I’m not alone in being anti-PDA; we are a seriously touch-phobic society. The resultant touch deprivation in the elderly is alarming, especially for those who are frail or demented. Such deficiency leads to feelings of isolation, anxiety, poor trust in caregivers, a greater decrease in sensory awareness, and insecurity – the last thing they f’ing need. As if dementia didn’t leave one feeling frightened and alone enough, our lack of intimacy just kicks a nonna while she’s down, as to deny it is to deprive her of one of life’s greatest joys and deepest comforts.

It’s not just our nonnos we’re depriving, either: a study from the 1960s looked at café conversations all over the world. In France, friends touched each other 110 times per hour. Puerto Ricans beat them by 70 – a whopping 180 touches were recorded in the span of 60 minutes. In the US? Twice. In “bursts of enthusiasm,” we touched each other twice. 😐

Touch is the universal language of compassion. When words are no longer understood, there is no better substitute than a gentle hug or holding hands. In old age especially, the need for physical affection is more powerful than ever, for it is one of the only sensuous experience that remains. It is one of the few persisting methods of communicating with a nonna of limited cognitive function, and its effects are both physically and emotionally favorable. In a study that examined the impact of touch on appetite in picky elderly eaters, all participants had a significant increase in caloric intake when given a gentle touch and spoken to during mealtime. Additionally, a study on dementia patients proved that touch is calming; all residents who received hand massages presented significantly less agitated than those who did not.

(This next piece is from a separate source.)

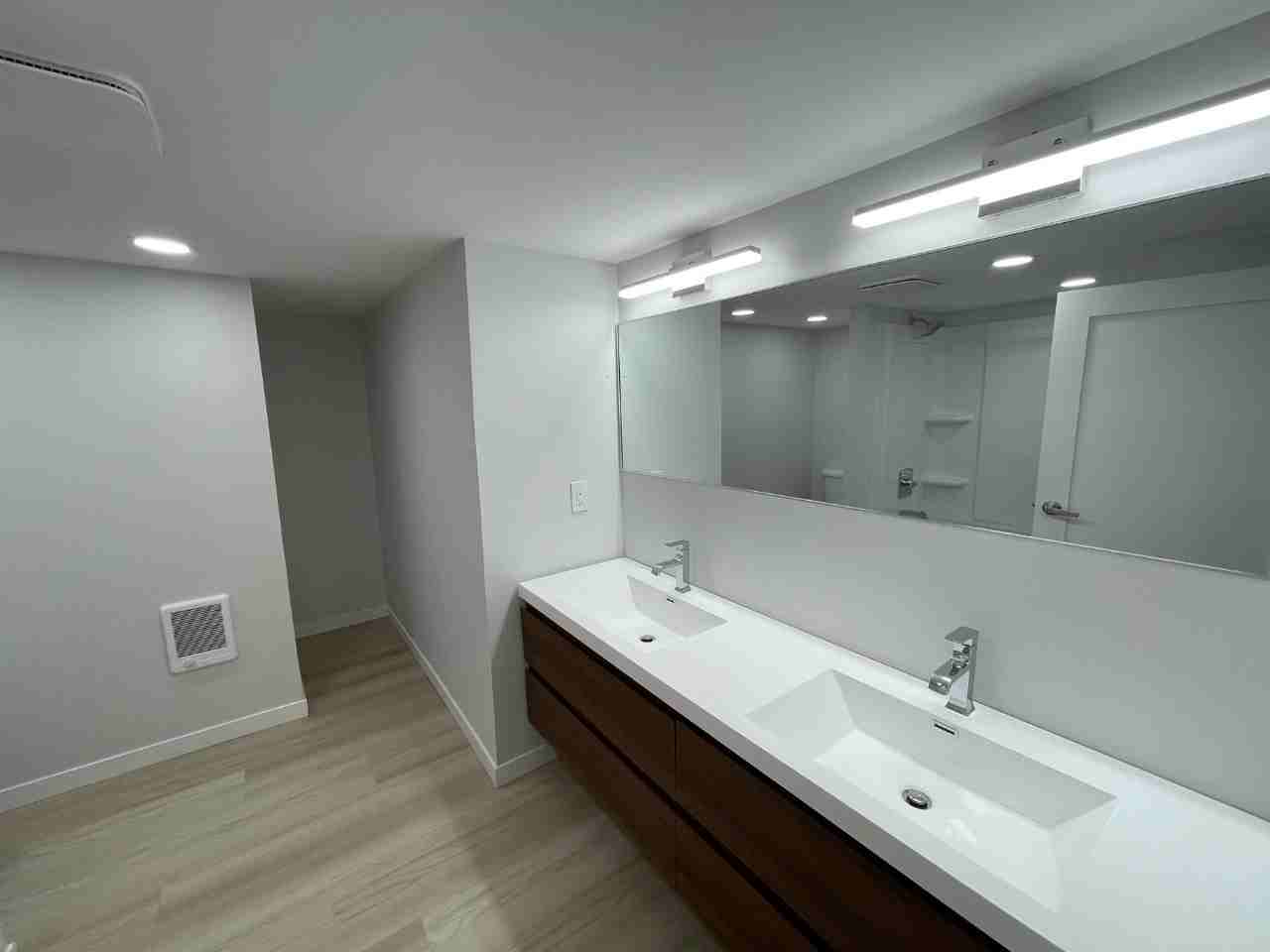 705 Monroe St - Photo 3 of 5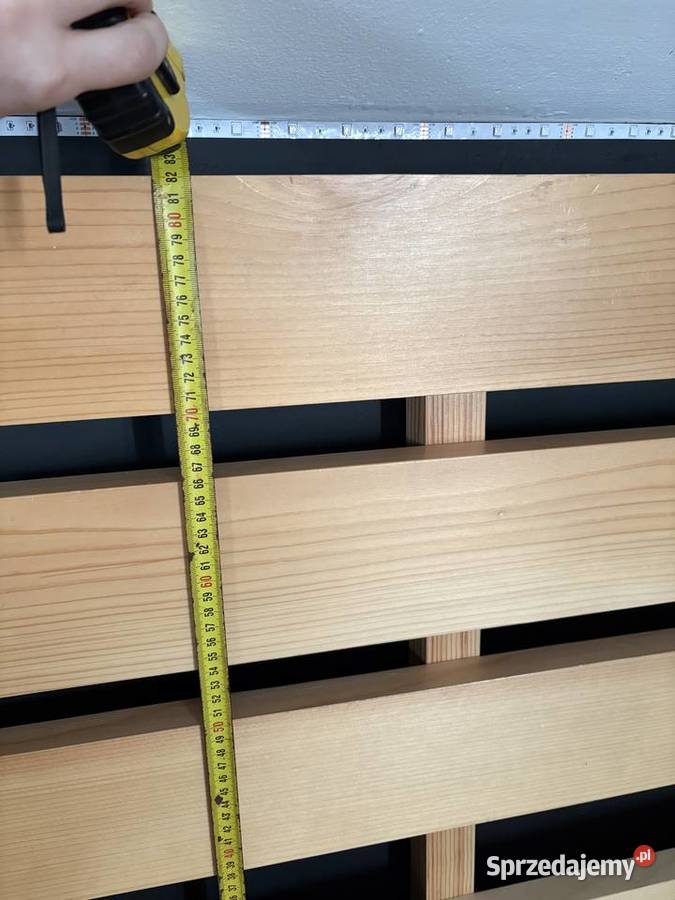 Drewniane łóżko ze stelażem Konin sprzedam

Sources of proof are endless; there is no question that affection is insanely beneficial to seniors (and to the rest of us!). How we choose to implement it in our daily practice is subjective. In my own experiences, I have found that while being huggy-kissy with boys makes my eyes roll, doing so with my loves is invaluable. I greet nearly every resident with a kiss.. I don’t care if they’ve got half their lunch on their lap or if they’ve had a cold for days, I’m wrapping my arms around them and kissing their cheeks (don’t worry Dad, I wash my hands). If a nonno’s in a wheelchair, I crouch beside him and rest my hand on his knee. I’ll walk arm-in-arm with nonnas and cozy up on the edge of their recliner when we rest. I’ll sit right on that hospital bed, my fingers locked with theirs, regardless of cognizance or how tightly they grasp back. If there are tears (God, I hate when there are tears), I softly wipe them dry. I kiss them like I mean it, and honestly, the impact is immeasurable.